[Description of the task]: Although the records contain pictures, none belong in the copy: restate word for word only the lines from the one with "Vivamax GYVMF14 Memóriahabos" through the one with "Clearance Beistelltisch Mesh", both included.
(Beginning of Recorded information)
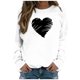 thumbnail image 2 of Ichuanyi liquidación para mujeres con capucha casual de sudadera con capucha para mujeres sudadera con manga larga ICHUANYI WER202308184036, 2 of 6
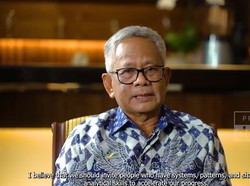 Soal Efisiensi Transformasi PTPN, Dirut: Tak Selalu Kurangi Hak Orang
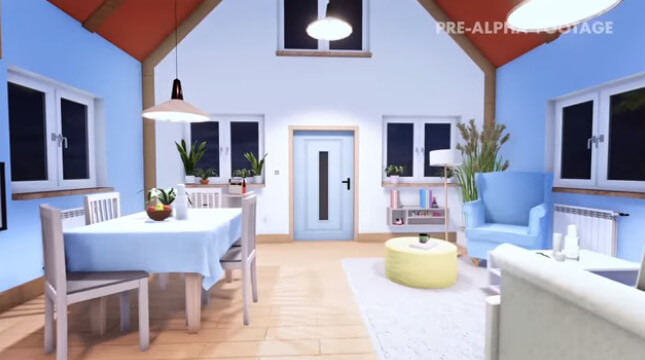 Pinnacove offers a sunny escape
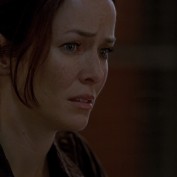 Annie Wersching as Renee Walker in 24 Season 8 Episode 8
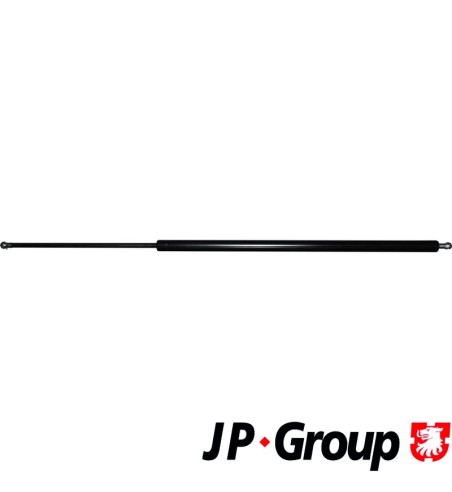 Gas Spring, boot-/cargo area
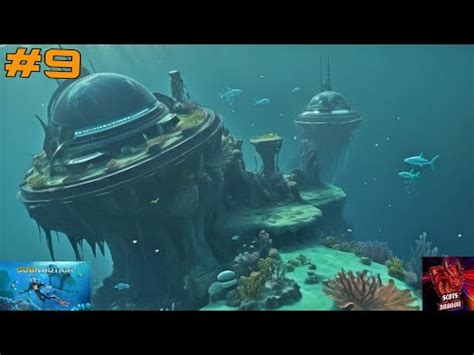 Modded Subnautica In Is Awesome Subnautica Let S Play Episode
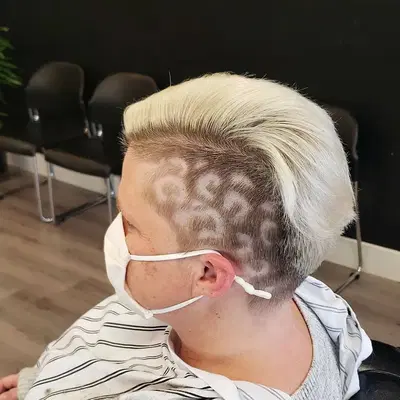 Shear Diamonds Salon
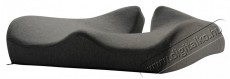 Vivamax GYVMF14 Memóriahabos ergonomikus ülőpárna Háztartás / Otthon / Kültér - Lakásfelszerelés - Relaxációs termék - 476385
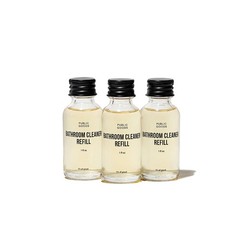 Bathroom Cleaner Refill | Refill Concentrate for Toilets, Tile, Showers, Sink…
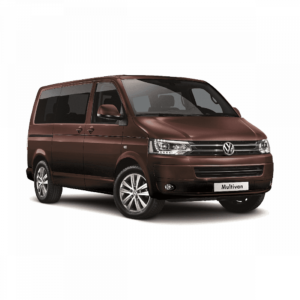 Выкуп бамперов Volkswagen Volkswagen Multivan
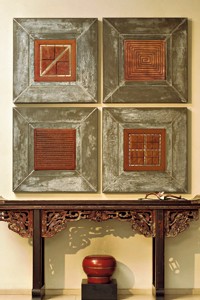 | TAPIS OU TAPISSERIES, PACHAMAMA DONNE MATIERE A LA CREATION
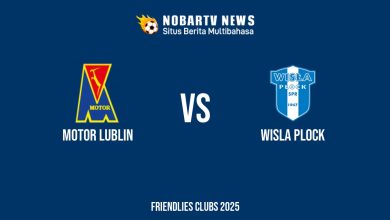 NOBARTV LIVE: Motor Lublin vs Wisla Plock
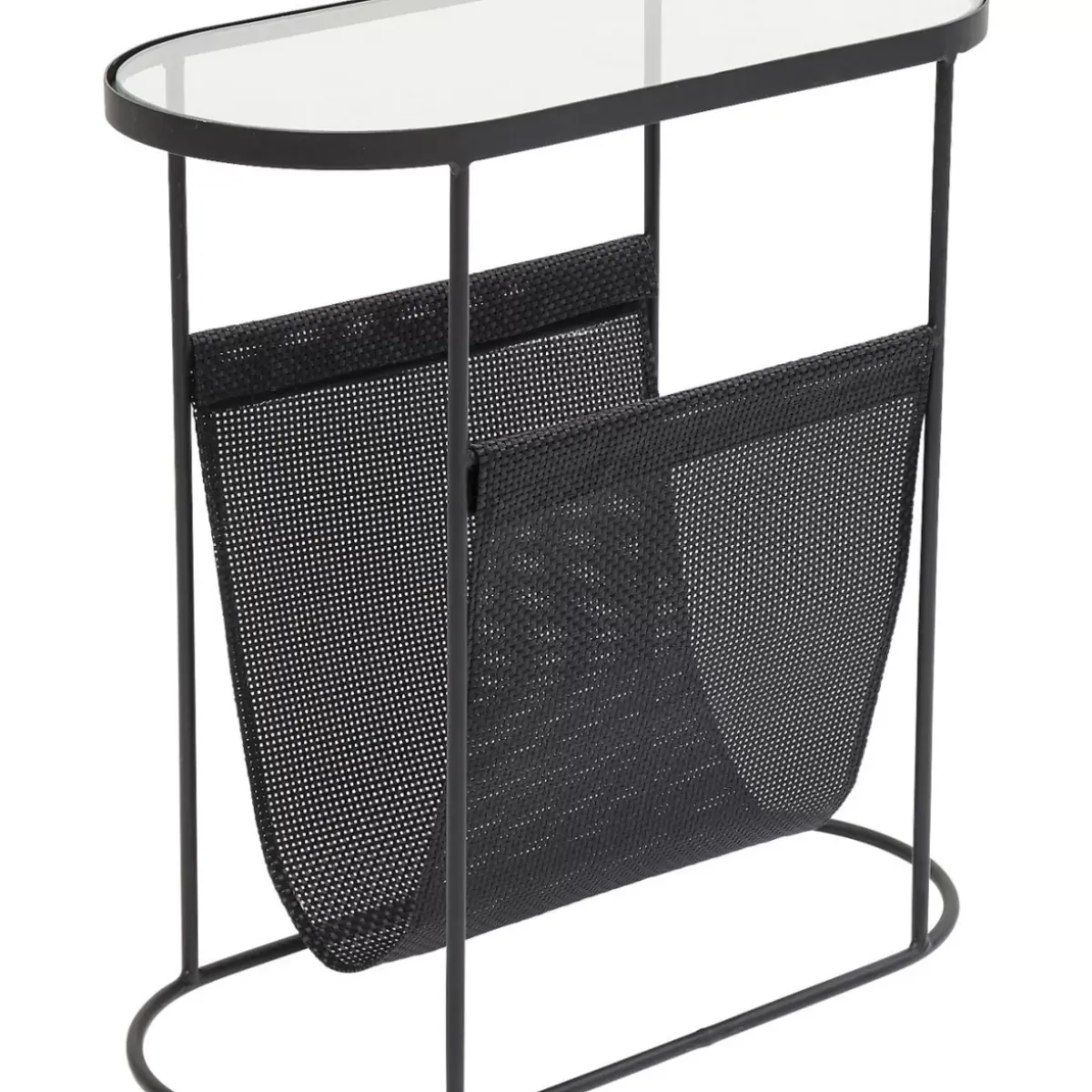 Clearance Beistelltisch Mesh Journal 53,5X25Cm Tische
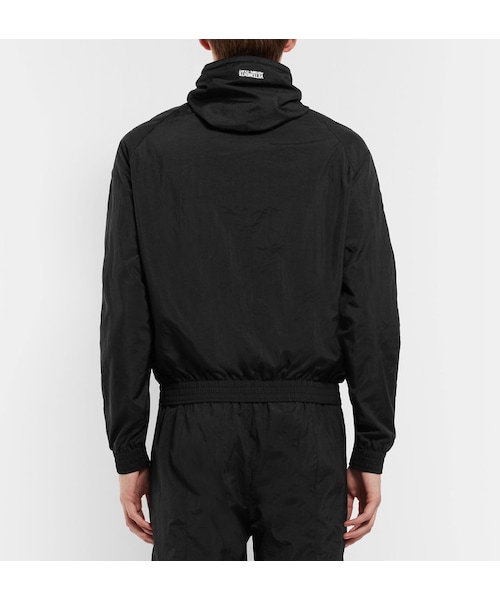 VETEMENTS × Reebok ジャケットコート Vetements | Jackets & Coats | Vetements X Reebok Jacket Mens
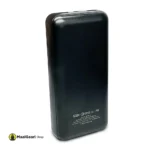 Small and Portable King Power PD 17 OR 29 10000 20000mAh Power Bank - MaalGaari.Shop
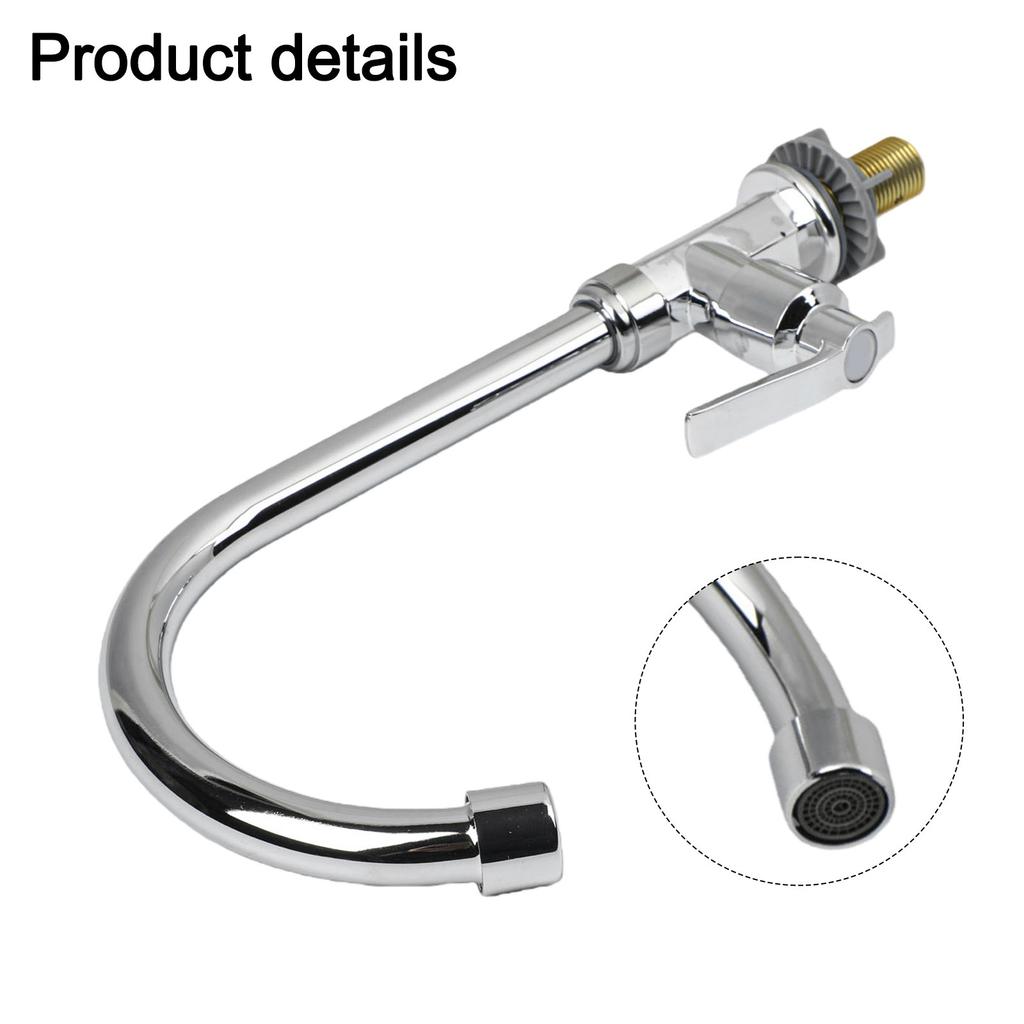 Baterie Domácí Kuchyňská Otočná Nerezová Ocel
(End of Recorded information)
[Reply to the task]:
 Vivamax GYVMF14 Memóriahabos ergonomikus ülőpárna Háztartás / Otthon / Kültér - Lakásfelszerelés - Relaxációs termék - 476385
 Bathroom Cleaner Refill | Refill Concentrate for Toilets, Tile, Showers, Sink…
 Выкуп бамперов Volkswagen Volkswagen Multivan
 | TAPIS OU TAPISSERIES, PACHAMAMA DONNE MATIERE A LA CREATION
 NOBARTV LIVE: Motor Lublin vs Wisla Plock
 Clearance Beistelltisch Mesh Journal 53,5X25Cm Tische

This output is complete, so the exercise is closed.